Team:DTU-Denmark/DesignOfExperiments

Design of Experiments

During practical experiments in the laboratory, one is often left with a large number of factors, which need to be tested in order to create a meaningful model. A model which is considered meaningful should be capable of relating experimental factors (explanatory variables) to a response variable (experimental outcome) via a process/system as shown in Figure 1.

Fig. 1:

The simplest linear response model is presented below: \begin{equation} y_{i}=\beta_{0}+\beta_{1}x_{1}+...+\beta_{n}x_{n}+\varepsilon_{i} , \varepsilon_{i} \sim N(0,\sigma^{2}I) \end{equation} Where $y_{i}$ is the response variable of the i’th observation, the $x_{1..n}$ are the explanatory variable of the i’th response, the $\beta_{0..n}$ are the regression coefficients and finally the residuals of the model $\varepsilon_{i}$ are considered to be normally distributed with a constant variance ($\sigma^{2}I$, with Ibeing the unity matrix) and a mean of 0.
This model will, for convenience, be written in matrix notation: \begin{equation} Y=X\beta+\varepsilon, \varepsilon \sim N(0,\sigma^{2}I) \end{equation} Where X is the design matrix of the model the size of k x N where k is the number of factors and N is the number of responses.
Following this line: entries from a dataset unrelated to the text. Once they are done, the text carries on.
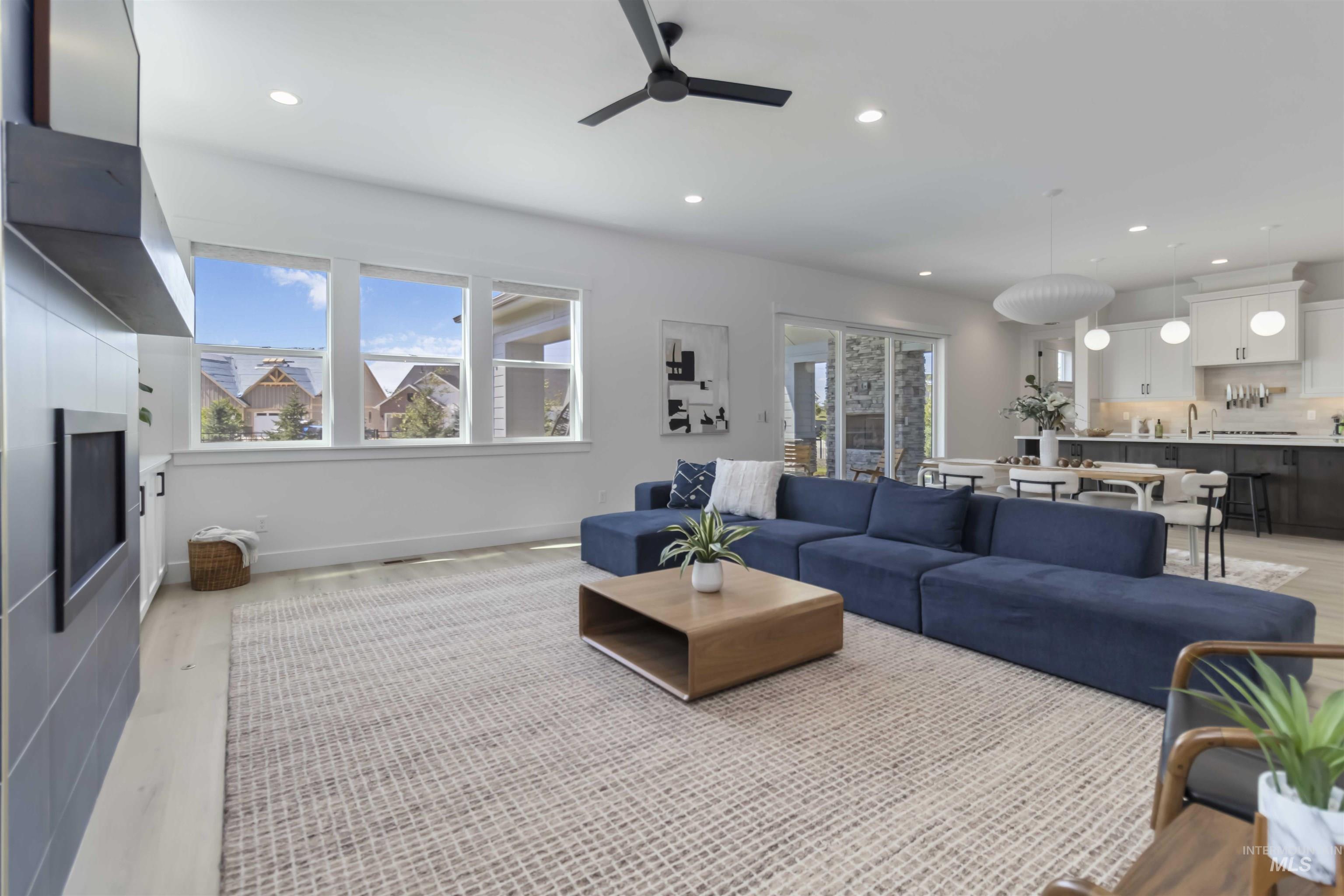 125 S Eagles Roost Way, Eagle, Idaho 83616, 5 Bedrooms, 4.5 Bathrooms, Residential For Sale, Price $1,175,000, 98982025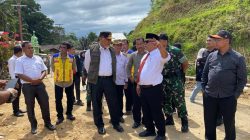 Gubernur Sumbar Tinjau Relokasi Jalan Simpang Empat–Talamau Demi Keselamatan Warga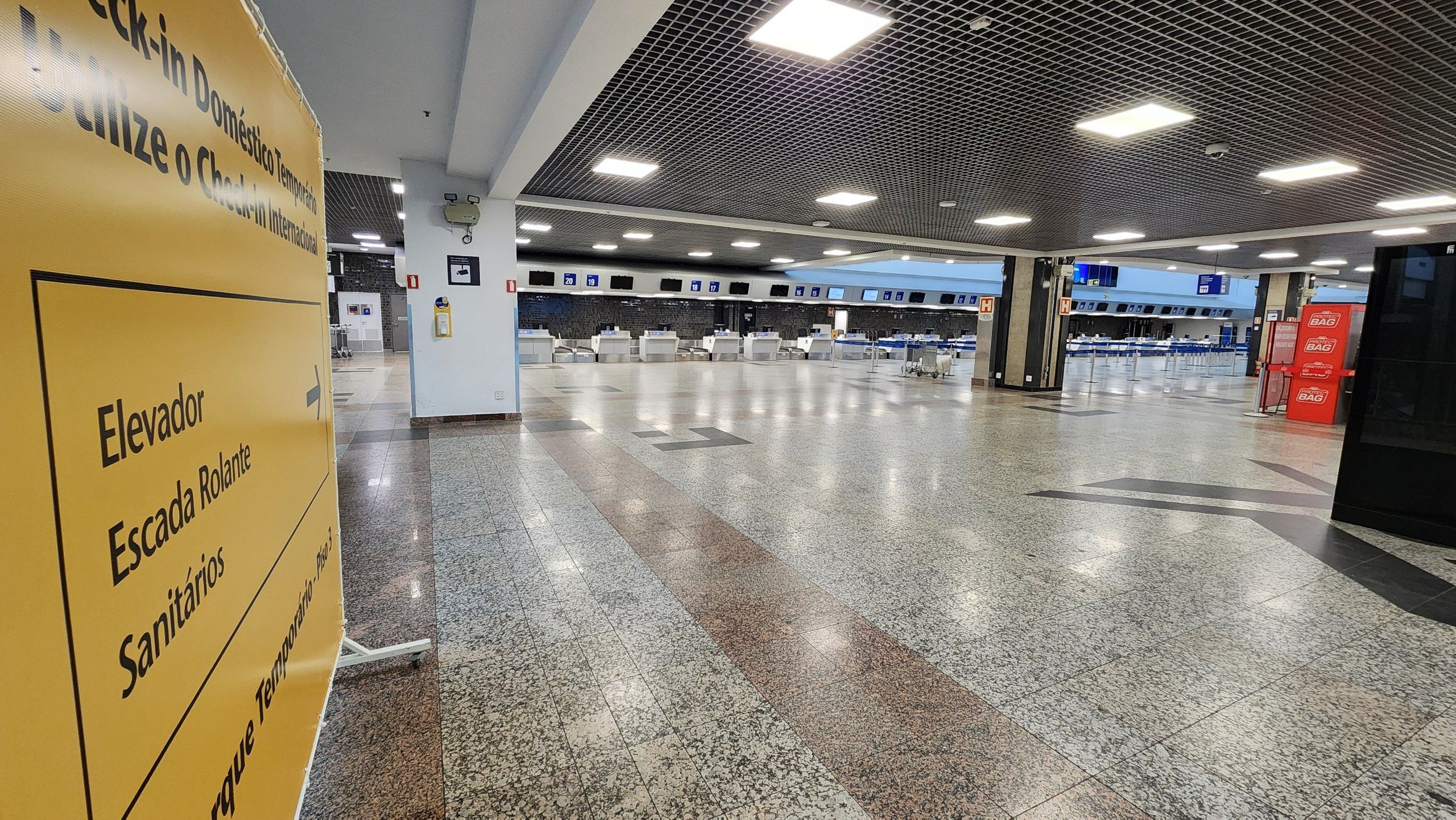 Os passageiros que desembarcam na Base serão transportados até o Aeroporto de Porto Alegre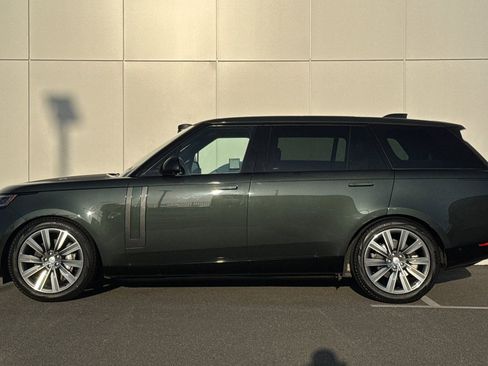 Used 2023 Land Rover Range Rover Long Wheelbase SE image 2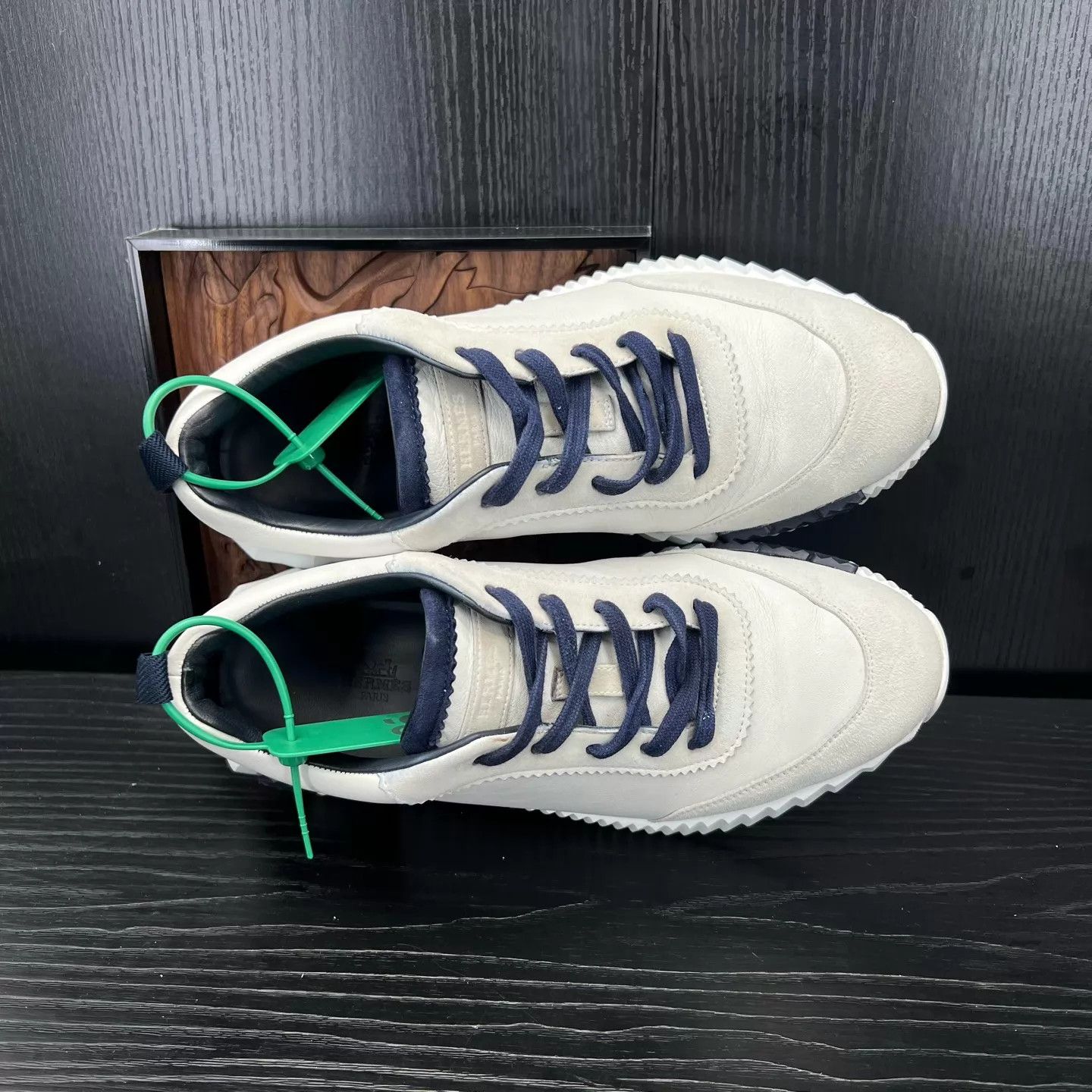 Hermes Hermès Bouncing White Black Blue 40 Like New Original Box Size US 7 / EU 40 - 8 Thumbnail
Y is a vector of response variables of size 1 x Y, Y is a vector of regression coefficients of size 1 x N and finally, the \varepsilon is also a vector of the size of 1 x N containing the residuals for each response variable. The model is very important, as this is the foundation of the experimental design showing which factors should undergo testing and the selection is thus specifically related to the design matrix (see later).

To understand the importance of an experimental design one could look at previously employed methods. In traditional design of experiments (DOE) one would use the change “one factor at a time until no improvements can be achieved” principle (2). However, this technique does not take into account that of a possible interaction between factors. Why this is a problem can be illustrated via our experiment regarding the testing of compressive strength in the fungal bricks (indsæt link til experimentet-ikkeskrevet). Had we only taken one factor at a time and keeping everything else constant, the possible interaction of for instance different burning temperature and different burning time would not be identified, thus leaving out a significant part of the explained variance, resulting in a worse fit of the compressive strength, our response variable.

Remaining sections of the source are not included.